From New Community Management:

“For two decades, Ebert has created original music in myriad forms, styles, shapes, and sounds. From his earliest days as an emcee to the early-aughts buzz of Ima Robot, to the world-beating heights of Edward Sharpe & The Magnetic Zeros, the critically acclaimed Alexander solo project, the Golden Globe-winning neoclassical film score composition for 2014’s All is Lost, and beyond, Ebert’s ability to lose himself in his art and achieve success is undeniable. Transcending boundary lines in the spirit of self-examination, he has spent the better part of the last few years completing a daunting amount of work, including 4 EPs, a biographical documentary feature film, and now the culmination: a post-genre double album of new material.”

The forthcoming album (title still to be determined) was recorded and produced by Ebert in his Piety Studios in the Bywater neighborhood of New Orleans, where he has lived since 2013. “While not explicitly ‘futuristic,’ it feels like it’s coming from some future in which the separations of genres has dissolved,” New Community Management says of the album.

I’ve always loved making whatever art came to me, and felt sorry for the paradigm of artistry that constrains the artist to one look, one mode, one sound. I never related to that, and as an artist I resented it
Alex Ebert, June 2019

More from New Community Management’s press release:

If there is one defining feature of this opus, it is the facility with which Ebert moves from one vocal delivery to another – from singing to rapping. “Rap is high-volume verbiage, and over the past two years, the lyrics that began coming to me were highly detailed and descriptive, too much to parse down to a singable phrase or two without losing their power,” Ebert says. “That’s when I knew I had to come back to rap.” (Ebert began his music career rapping in a group called DVS Minds).

Ebert’s flows on the double album are measured, witty, highly personal, and deft, as these first 3 songs attest to. These 3 songs paint a story. “Automatic Youth” begins. It is the crushingly personal account of Ebert’s breakup with his baby mama – the astounding jazz bass playing by New Orleans’ Donald Ramsey in a sultry number that showcase Ebert’s story telling rap abilities. “Hands Up” take us into Ebert’s post-breakup depression as Ebert choreographs a race through parts of the brain in a hunt to kill his destructive self: “Gunfight in the hippocampus/ I chased you through the Saharabellum”, as he takes us through the poetic trudge of living with suicidal thoughts. “Gold” completes the trio. It lifts us out of Ebert’s depression with his lyrical lists of self-prescribed tools for sanity in a rough world, while morphing effortlessly from croon to rap to Kinks-y outro as the sung hook “Everything you touch/to gold” climbs to cacophony.

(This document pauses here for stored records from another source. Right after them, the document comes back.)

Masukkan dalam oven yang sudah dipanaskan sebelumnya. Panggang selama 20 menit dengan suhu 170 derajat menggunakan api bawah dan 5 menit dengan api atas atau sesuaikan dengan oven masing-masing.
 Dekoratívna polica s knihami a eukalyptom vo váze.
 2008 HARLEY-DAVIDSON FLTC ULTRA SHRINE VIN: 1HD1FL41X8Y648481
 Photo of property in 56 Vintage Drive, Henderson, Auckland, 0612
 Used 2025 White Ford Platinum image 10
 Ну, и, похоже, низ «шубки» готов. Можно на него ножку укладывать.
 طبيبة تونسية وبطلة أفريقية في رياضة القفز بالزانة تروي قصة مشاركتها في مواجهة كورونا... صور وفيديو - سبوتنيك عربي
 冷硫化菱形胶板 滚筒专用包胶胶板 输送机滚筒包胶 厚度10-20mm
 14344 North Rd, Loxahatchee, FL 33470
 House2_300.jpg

“I’ve always loved making whatever art came to me, and felt sorry for the paradigm of artistry that constrains the artist to one look, one mode, one sound,” Ebert says. “I never related to that, and as an artist I resented it.” His urge to embrace it all had long conflicted with that artistic golden rule, “to thine own self be true.”

Two years ago, while reflecting during a hiatus from Edward Sharpe, that conflict ended. Ebert realized that he had his own, different, just-as-valuable maxim: “To all thine selves be true.”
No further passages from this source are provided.